In an interesting and potentially useful contribution to the larger debate on how best to manage the cost of these life-saving drugs, strategy and analytics consultant the Amundsen Group has conducted an intensive data analysis to gauge the impact of patient co-pays on access to specialty therapies.
The not so subtle conclusion? Insurers, by discouraging specialty prescribing and pushing patients into using lower cost medicines, may end up being penny wise and pound foolish. In the following summary of their findings, two Amundsen principals argue for a policy reset on benefit design for specialty medicines, taking into account the system-wide cost implications of drug therapy foregone. —William Looney, Editor-in-ChiefAlthough used by a small number of patients, specialty drug therapies are attracting attention because, while they represent a major advance in medical care, their high out-of-pocket costs can cause a financial burden for consumers. These costs may create a disincentive to finding the most appropriate therapy for the individual patient.

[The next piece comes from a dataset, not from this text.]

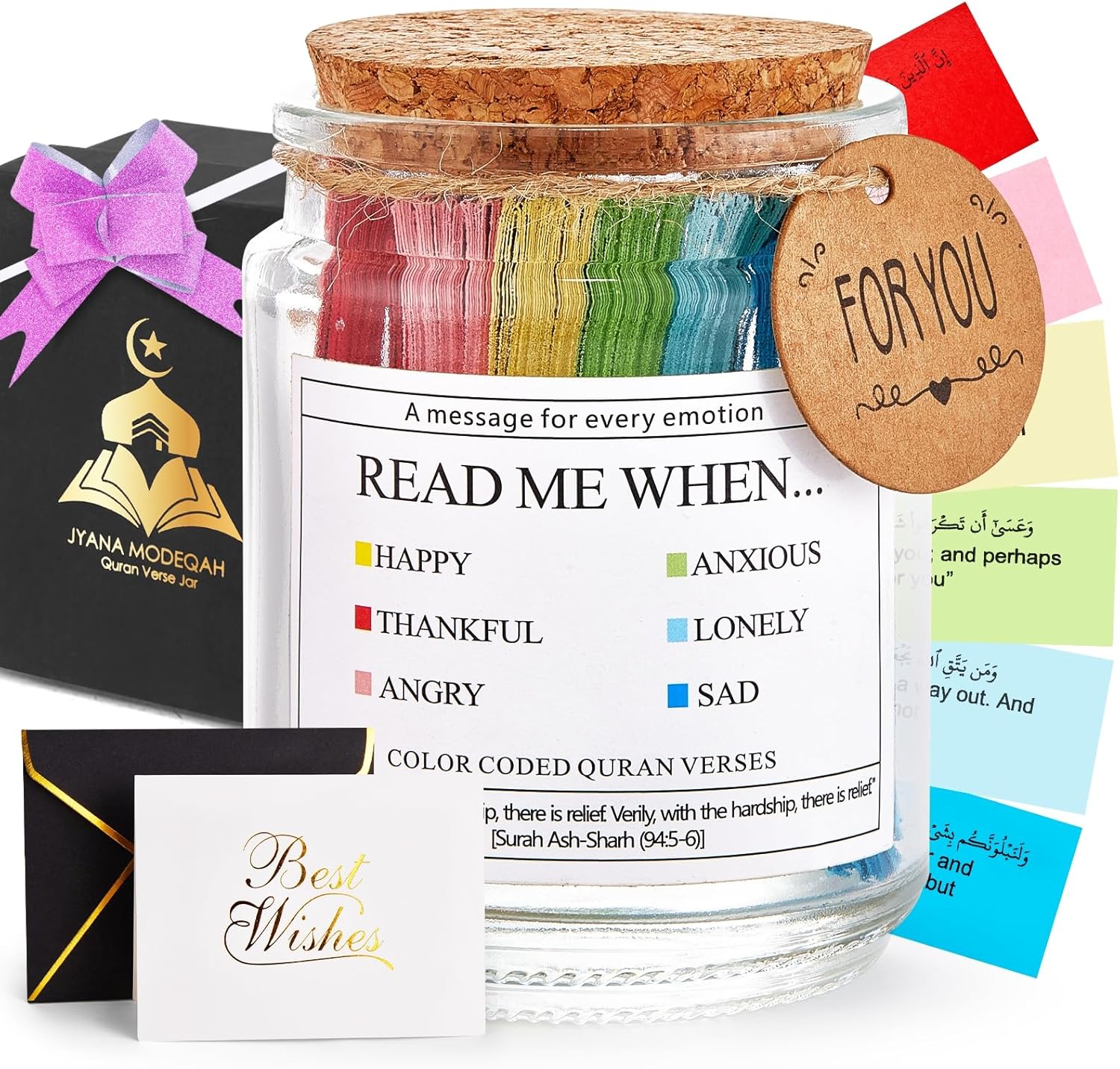 99 Quran Verses Jar in Arabic and English - Islamic Gifts for Muslim Women, Men, Kids - Ramadan & Eid Gifts, Read Me When Quran Jar, Quranic Affirmations, Islamic Decor, Ramadan Decorations for Home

Even when specialty medicines provide important new treatment options, high cost-sharing causes a substantial share of patients to abandon these medicines at the pharmacy counter.
Health insurance is intended to protect against the risk of major financial loss to specific individuals by spreading the cost of low probability, complex and treatment-intensive diseases over a large population. Numerous surveys show that spending for medicines, compared to hospital stays and other healthcare services, is frequently concentrated in a small share of the population. Analysis of a recent Express Scripts Drug Trend Report and other studies show that specialty drug therapies are used by less than 5 percent of US patients, primarily those with severe chronic or life threatening diseases, and these medicines represent a small share (13 percent or less) of total health plan costs. Similarly, a small number of hospital admissions account for a sizable share of spending. The most costly 5 percent of US hospital stays represented 32 percent of total charges and had an average charge of about $18,000 per day in 2008. In Medicare, the most costly 5 percent of beneficiaries account for about 40 percent of expenditures, the majority of which are for hospitalization.

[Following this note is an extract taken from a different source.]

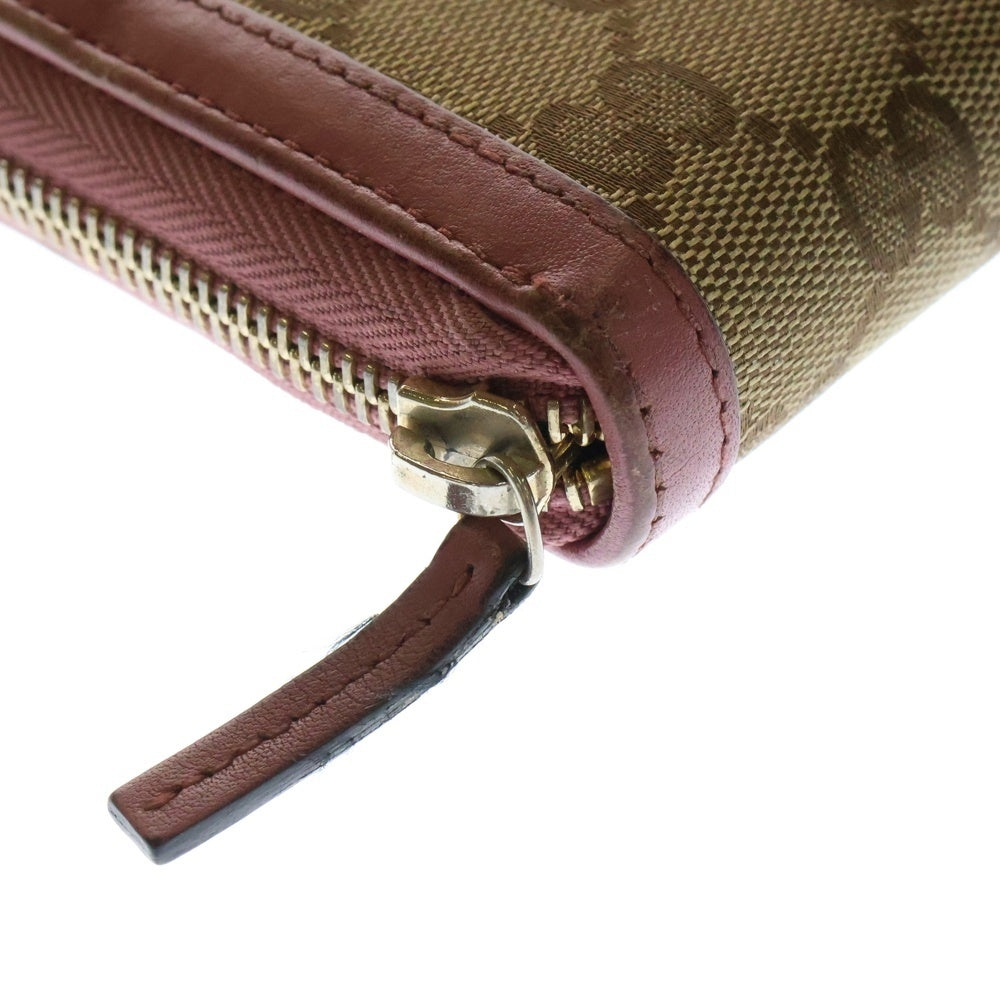 GUCCI(グッチ) GGキャンバス ラウンドファスナー ロングウォレット 長財布 ゴールド金具 ピンク×ベージュ レザー×ベージュ 308012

In recent years, many health benefit plans have changed formularies to create new "specialty tiers" requiring higher cost sharing—typically coinsurance—for specialty medicines. The outcome is that health plans impose a high out-of-pocket burden on sick patients who need specialty tier medicines, rather than spreading these costs across the broader population, as insurance should. It would clearly be inappropriate to require patients needing lengthy or complex hospital stays to pay a higher share of their total costs than other patients. Yet the concentration of costs on the sickest patients is the practical effect of specialty drug tiers. Simply put, our research shows that this practice has an adverse effect on patient access.
What are specialty medicines? Many innovative therapeutics that treat serious medical conditions have earned the designation as "specialty medicines." They often address the root causes of disease, for instance by targeting a particular protein through antibodies or gene expression. They may tailor a treatment to an individual patient's physiology and risk factors. Many are biotechnology-based products that are made in living systems (e.g., cells, tissues), require special precautions or methods of administration, or treat small but severely ill populations, and thus bear higher prices than traditional medicines.
What are specialty tiers? In many health plans, medications are designated for coverage on a specialty formulary tier based on cost, rather than clinical or pharmacologic attributes. In Medicare, guidance from the Centers for Medicare & Medicaid Services (CMS) indicates that medicines may be placed on a specialty formulary tier if the negotiated price exceeds $600 per month.
Health plans commonly use prior authorization to manage the use of specialty tier therapies and ensure that treatment is appropriate. Reliance on percentage coinsurance on the specialty tier, rather than fixed dollar co-pays, is also a widespread practice. Kaiser/HRET's latest Employer Health Benefits Survey shows that in the commercial market, coinsurance on the specialty tier averaged 32% in 2011. Many commercial plans do not offer any annual limit on out-of-pocket spending for outpatient medicines, including for medicines on the specialty tier. In Medicare Part D, patients who don't qualify for low-income subsidies usually pay 25 percent or 33 percent for a specialty tier medicine in the initial coverage phase. Part D plans may deny patients the ability to seek lower cost sharing for specialty medicines (tiering exceptions), a protection available for non-specialty tier medicines. Once patients reach catastrophic coverage, however, they pay no more than 5 percent.
Why does this cause concern? Patient advocates, members of Congress, and others have expressed concern regarding the impact of specialty tiers on out-of-pocket cost and medication use. For example, research on oral oncology medicines recently published in the Journal of Oncology Practice found that Medicare patients with co-pays of $500 or more were four times more likely to abandon these therapies than patients charged $100 or less.